But it's a website where individuals can create their own personal brand, their own personal page, because while Shopify might work really well for, say, a coffee vendor or a small vendor that has a brick-and-mortar location, Wix is more for like creative types: an artist, an author, a Motley Fool analyst who wants to make pictures for people to understand the markets better. It's really underappreciated because they're not going after those obvious vendors and merchants, but the creative class globally is actually quite large.

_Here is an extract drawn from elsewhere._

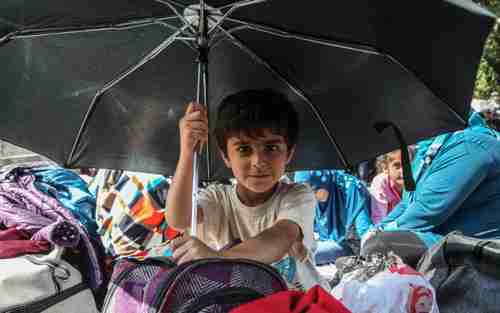 Unaccompanied child refugee last year in 'The Jungle' refugee camp in Calais, France (Getty)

To show you what I mean, this is how they performed over the last quarter. The creative solutions are the kind of people that I'm talking about. Your artists, your artisans. These business solutions are more focused on people who are doing high-volume business by building a website on Wix. I should say that the way that Wix works is that you can do most things for free. They have a base of over 200 million free users. But they have monetized less than 3 percent of those users. That is a huge stable of people to grow from. Their creative solutions did very well. They grew 25 percent from right here, 236 million, from right here where it was 191.

But their business solutions are growing even faster. They were up about 109 percent between last year and this quarter, and they see that growth continuing. You see that they had about 30 percent year-over-year growth during all of last year, and they see it staying about the same over the next 12 months. To me, that's very impressive. If there's one thing I would look for, I'm going to continue looking to see what percentage of users are becoming paying users. That's actually a pretty big deal because if you can go from 2.3 percent to 2.7 percent, that might sound like a little bit, but it grows the number of registered paying users by an enormous amount. If there's one thing that I'll be watching over the next 12 months with Wix, which is a stock I wish that I really had a chance to go back and invest in, it would be that, the percentage of users that are now paying for a premium service.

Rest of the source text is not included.